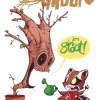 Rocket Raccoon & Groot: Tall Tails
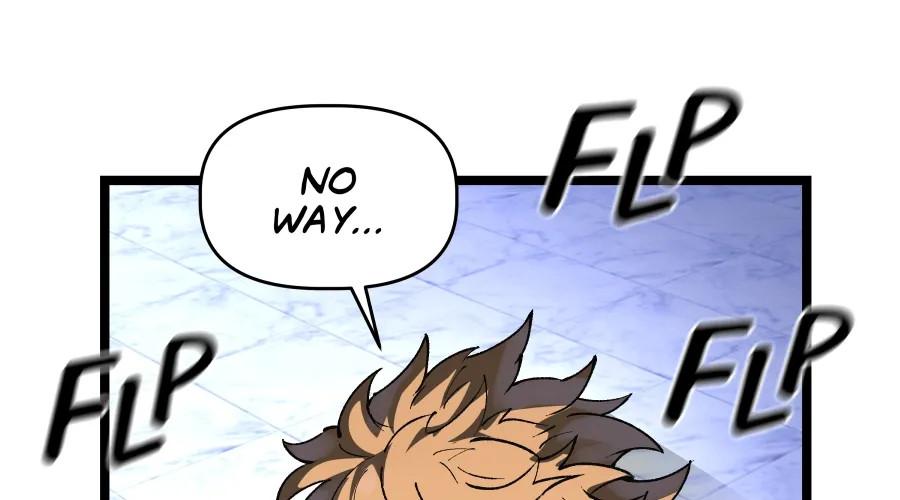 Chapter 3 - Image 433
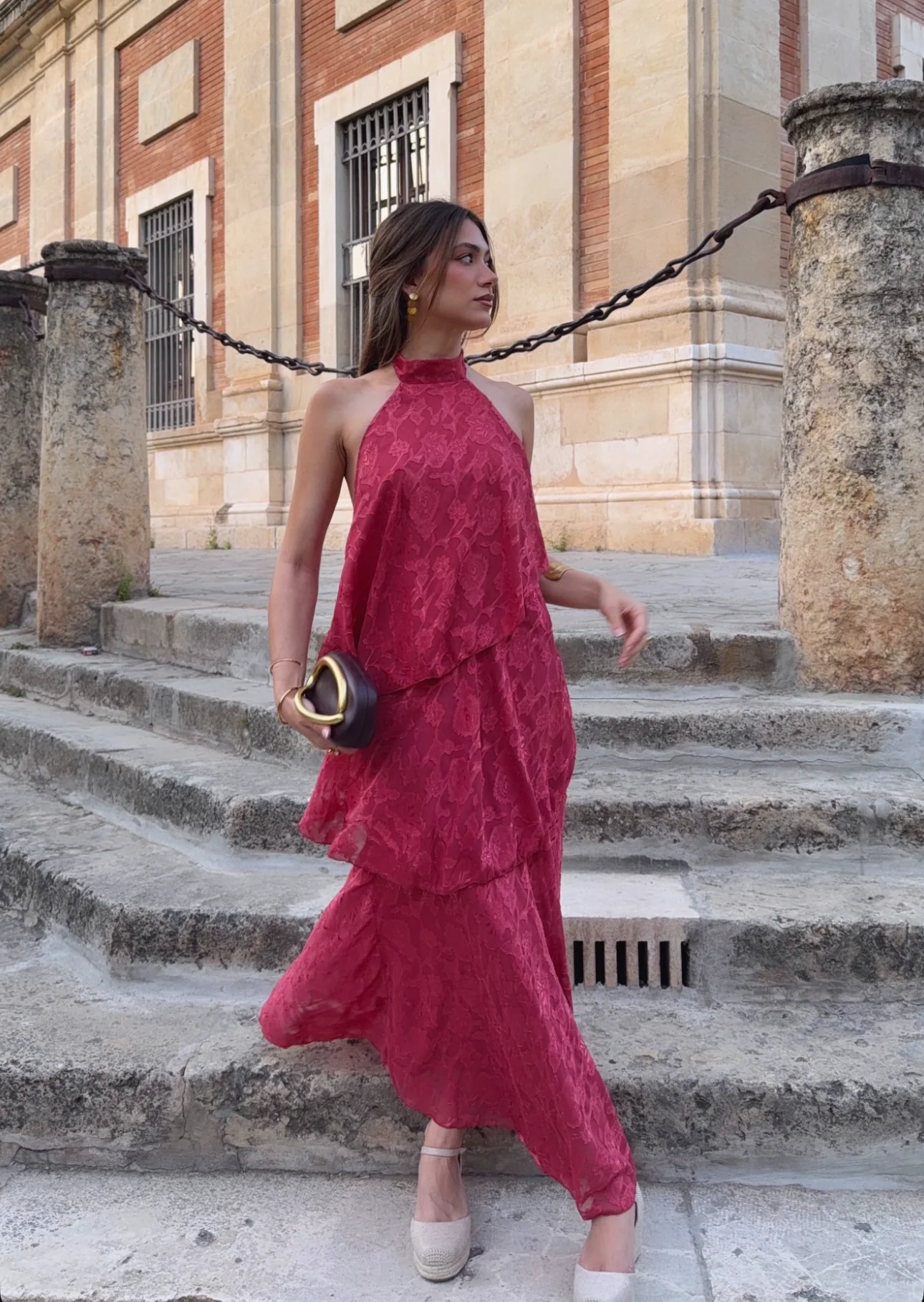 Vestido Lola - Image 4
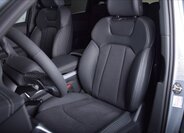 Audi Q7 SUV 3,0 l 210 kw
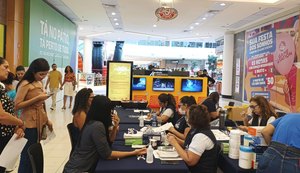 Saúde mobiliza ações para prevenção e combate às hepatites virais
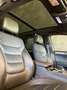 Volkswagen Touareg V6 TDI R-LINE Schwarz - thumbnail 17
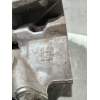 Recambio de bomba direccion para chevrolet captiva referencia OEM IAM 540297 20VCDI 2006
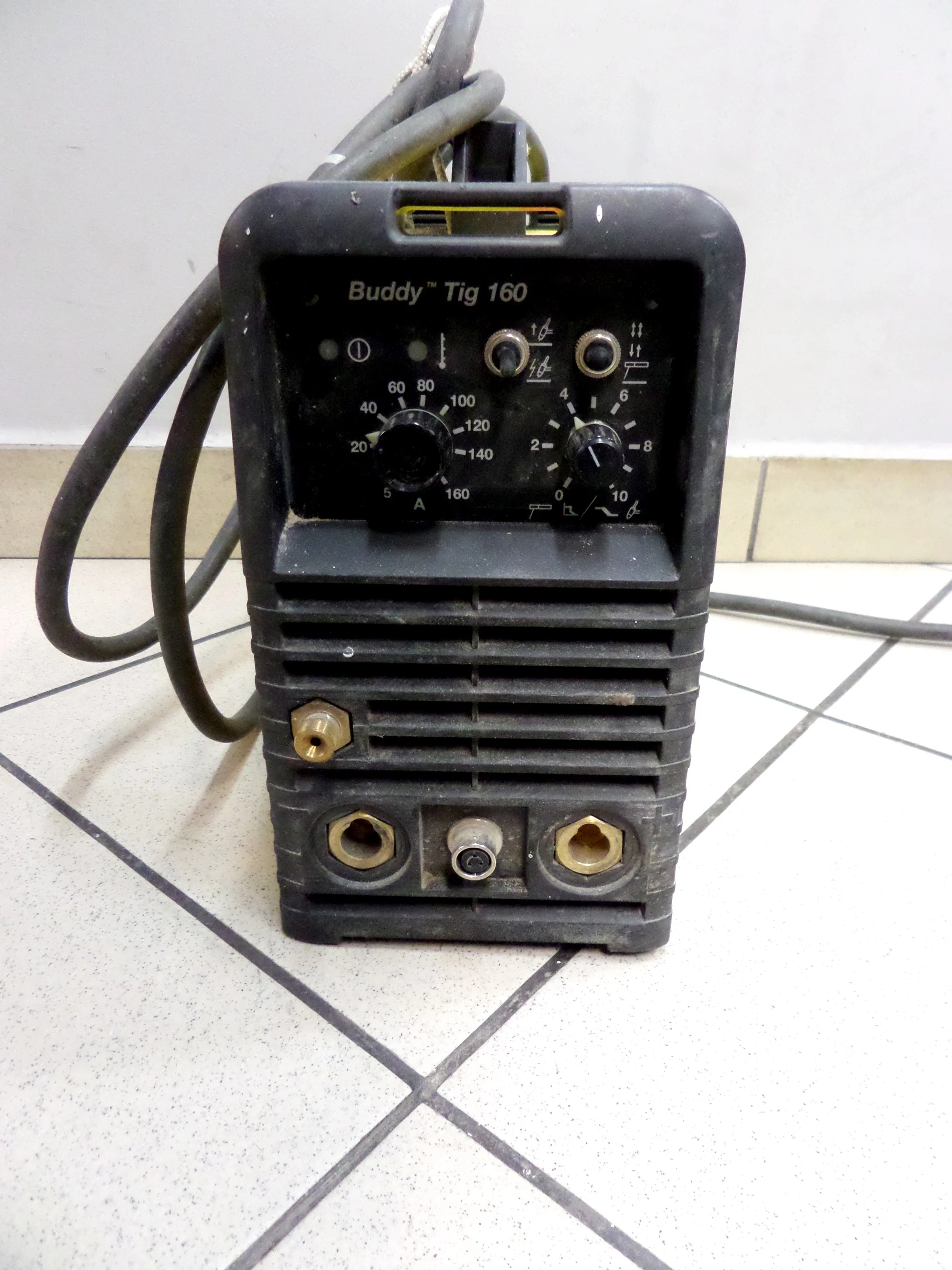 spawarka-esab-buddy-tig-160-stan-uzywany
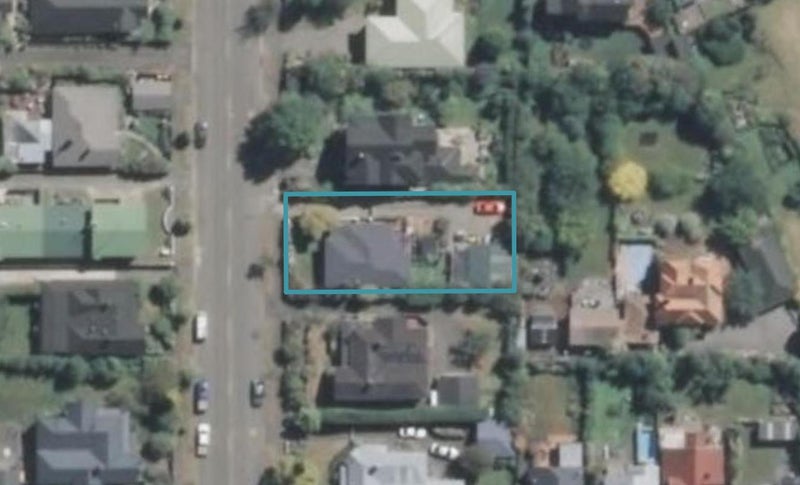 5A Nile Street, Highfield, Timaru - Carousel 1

Problem
Only the lines from the one containing "Recambio de bomba" through the end of the records above should be retyped, exactly as they stand, with any pictures left out.

Your solution
 Recambio de bomba direccion para chevrolet captiva referencia OEM IAM 540297 20VCDI 2006
 spawarka-esab-buddy-tig-160-stan-uzywany
 5A Nile Street, Highfield, Timaru - Carousel 1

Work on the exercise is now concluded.